## WHAT IS REQUIRED:
Your answer must be an exact transcription of the data, with every picture omitted.

## COLLECTED DATA:
----------------------------------------

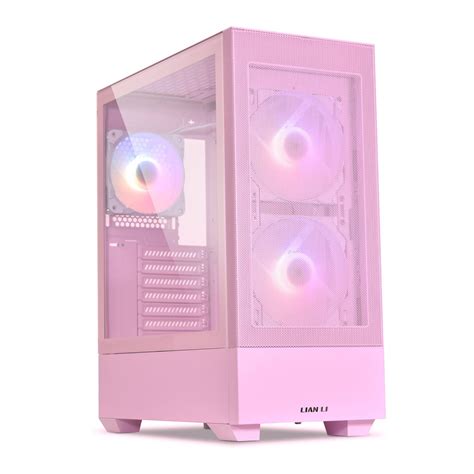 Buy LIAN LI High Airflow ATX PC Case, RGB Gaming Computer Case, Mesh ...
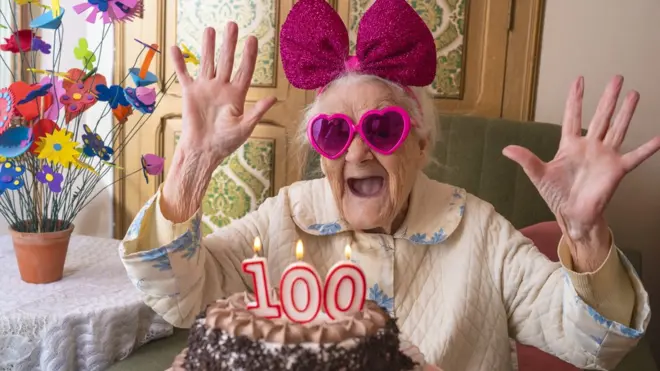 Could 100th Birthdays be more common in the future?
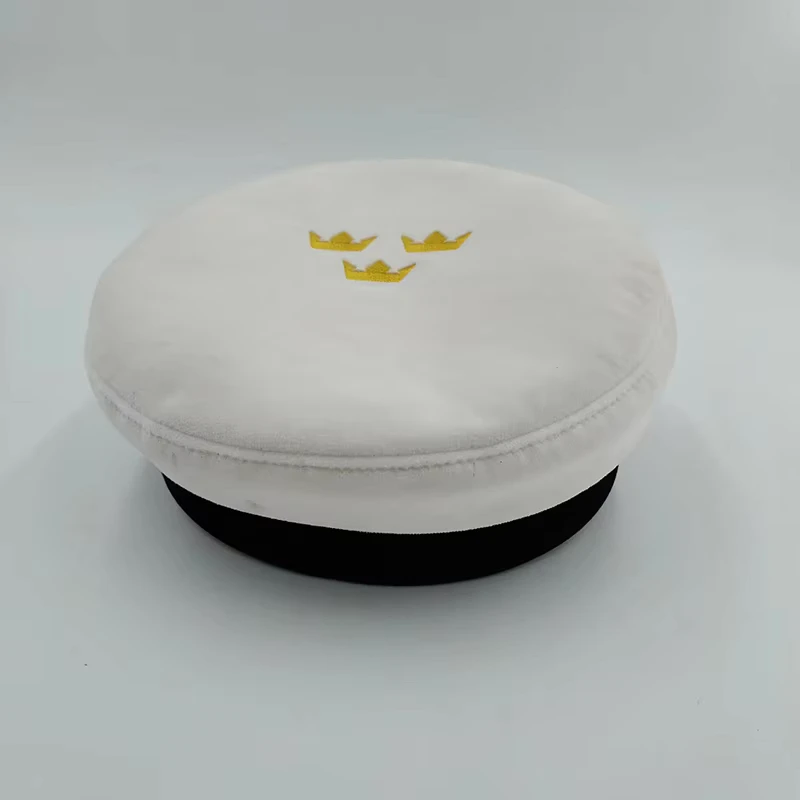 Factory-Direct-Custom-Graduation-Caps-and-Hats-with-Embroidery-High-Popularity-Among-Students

----------------------------------------

## WRITTEN ANSWER:
 Buy LIAN LI High Airflow ATX PC Case, RGB Gaming Computer Case, Mesh ...
 Could 100th Birthdays be more common in the future?
 Factory-Direct-Custom-Graduation-Caps-and-Hats-with-Embroidery-High-Popularity-Among-Students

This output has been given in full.